End the need for cancer and rare disease patients to go through the trouble of getting referral papers
Ms. Tran Thi Trang, Director of the Department of Health Insurance, said that Circular 01 stipulates that some rare, serious diseases, diseases requiring surgery or high technology will be covered by 100% health insurance when going directly to specialized medical facilities without a referral form. The Circular also issued a list of 62 diseases that can be examined at specialized facilities, 167 diseases at basic facilities and 141 diseases that can be referred within 1 year.
Ms. Trang emphasized that this regulation is important in improving the quality of medical examination and treatment, helping patients access and promptly treat diseases requiring specialized expertise that lower-level medical facilities are not qualified for. It also reduces referral procedures, costs of moving and transporting patients, and other costs, helping to save costs for patients and their families, while effectively using the health insurance fund.
As soon as this Circular takes effect on January 1, 2025, at K Hospital alone - the final line of cancer treatment in the country, more than 20,000 cancer patients will not have to apply for a referral for the new year.
"We are so happy, because every time we ask for a referral from a provincial medical facility to the K Hospital, we have to spend a whole day returning to our hometown to complete the referral procedures. Sometimes we have to ask for a long time to get it" - patient Nguyen Van Kien (56 years old, Ninh Binh - the character's name has been changed), has colon cancer, and is being treated at Tan Trieu K Hospital shared.
In the bed next to him, patient Pham Tien Long (46 years old, Thanh Hoa - name has been changed) also said: "Ask for a referral letter is really a nightmare for cancer patients like us, it takes time and money. From now on, we can rest assured to receive treatment at the final level."
Deputy Minister of Health Tran Van Thuan assessed this as "immediately effective", helping patients benefit from the new regulations on health insurance payments. This is an important document guiding the initial registration for health insurance examination and treatment and transferring health insurance examination and treatment facilities to over 13,000 health examination and treatment facilities nationwide, creating a synchronous legal corridor for effective implementation of health insurance policies in the new period.
Worry about overload at end-line hospitals
When implementing Circular 01, many problems still arise at medical facilities. A representative of Bach Mai Hospital said that in the 62 disease categories, there are categories of status and conditions, many diseases do not have conditions and status listed, so how will it be implemented?
Sharing about the difficulties that may arise when implementing the Circular, a representative of Viet Duc Friendship Hospital said: "We are worried about the problem of overload when implementing the Circular. The issue of health insurance ceiling also needs to be specifically regulated to avoid causing difficulties for medical facilities. Moreover, currently, the diagnostic capacity at lower-level medical facilities in many places is not enough, and the disease has not been detected for the people, but when they reach the final level, after being diagnosed in depth, the patient is found to have other common diseases, then they should also be accepted for health insurance payment when treating those diseases. If it is transferred back to the lower level, it will be very troublesome for the patient."

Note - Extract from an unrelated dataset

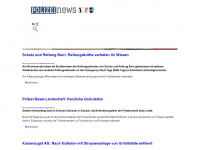 polizeinews-nordwestschweiz.ch Webseite Vorschau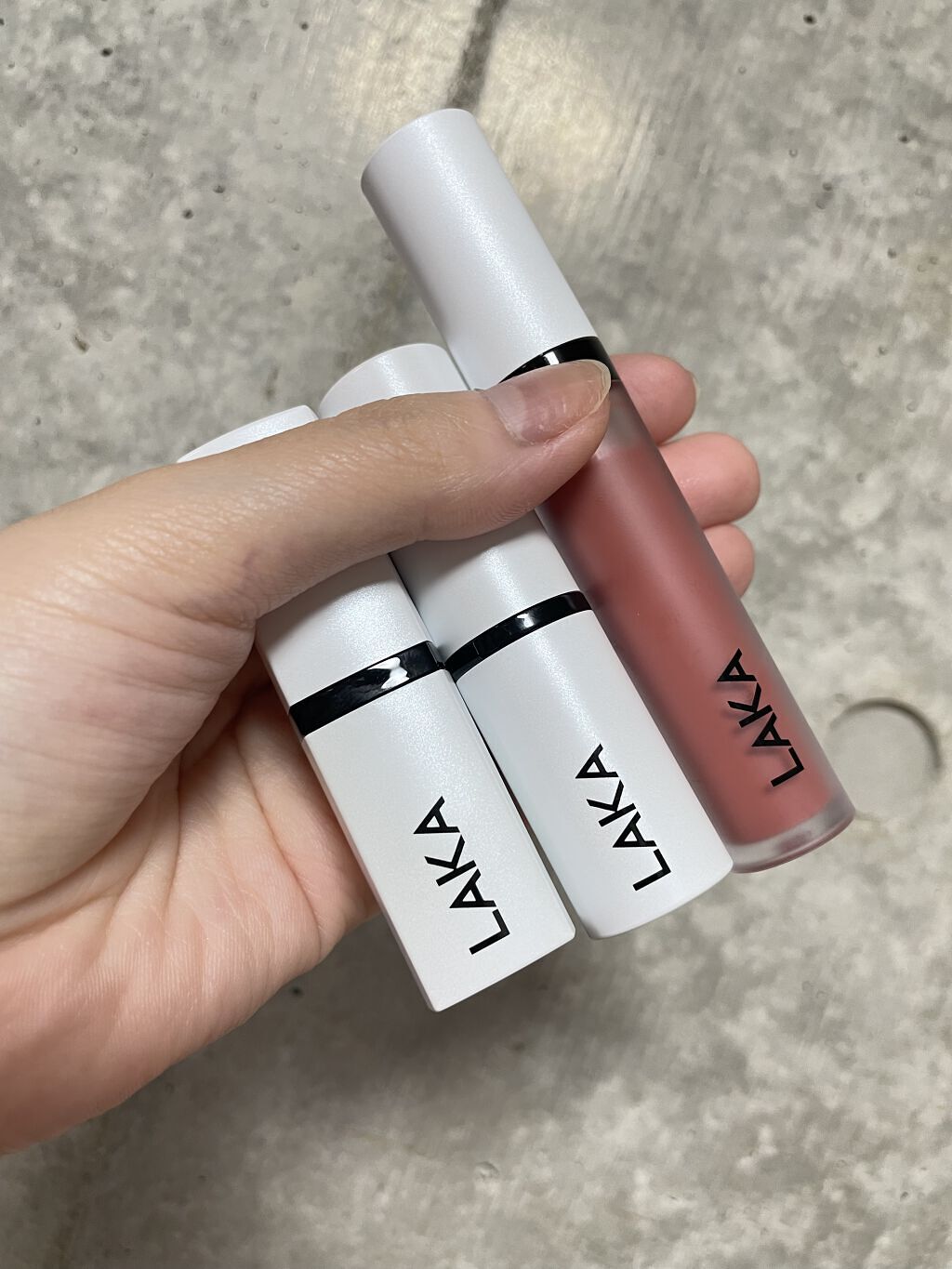 スムースマットリップスティック/Laka/口紅を使ったクチコミ（1枚目）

Regarding the concerns of hospitals, Director of the Health Insurance Department Tran Thi Trang said that the entire group of cancer diseases, with more than 1,000 disease codes, will be initially diagnosed at provincial hospitals. If all 1,000 disease codes are put on the list, it will definitely be overloaded.
"Through reviewing provincial medical facilities, we classify specific cancers that lower-level hospitals nationwide are almost incapable of diagnosing, and will be sent directly to higher-level hospitals such as malignant tumors in the pancreas, malignant tumors in the lungs, meninges, etc. The rest will be left for the provincial level to diagnose, this is a professional classification" - Ms. Trang analyzed.